Exercise
Among the entries below, one line contains "Call or visit" and another contains "The Honeycrisp is". Transcribe those two lines and every line between them, exactly.

Records for processing
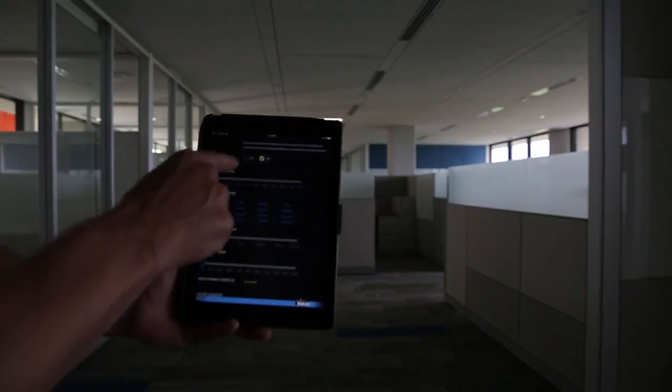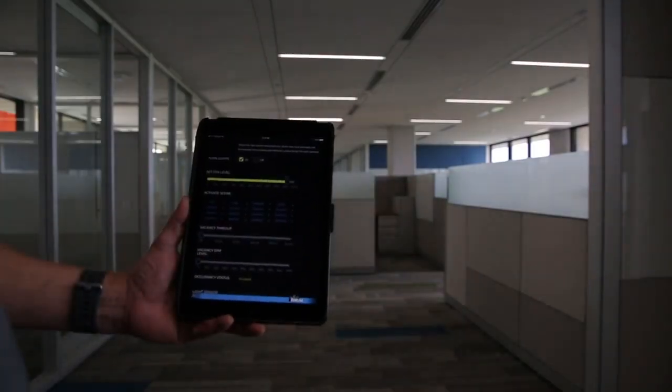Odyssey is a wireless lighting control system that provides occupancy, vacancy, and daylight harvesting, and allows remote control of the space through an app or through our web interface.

--

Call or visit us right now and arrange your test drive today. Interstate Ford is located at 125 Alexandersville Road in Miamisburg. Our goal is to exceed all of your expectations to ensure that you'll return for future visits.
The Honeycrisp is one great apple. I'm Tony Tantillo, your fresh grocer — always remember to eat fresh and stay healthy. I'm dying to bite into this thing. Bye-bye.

Response box
Call or visit us right now and arrange your test drive today. Interstate Ford is located at 125 Alexandersville Road in Miamisburg. Our goal is to exceed all of your expectations to ensure that you'll return for future visits.
The Honeycrisp is one great apple. I'm Tony Tantillo, your fresh grocer — always remember to eat fresh and stay healthy. I'm dying to bite into this thing. Bye-bye.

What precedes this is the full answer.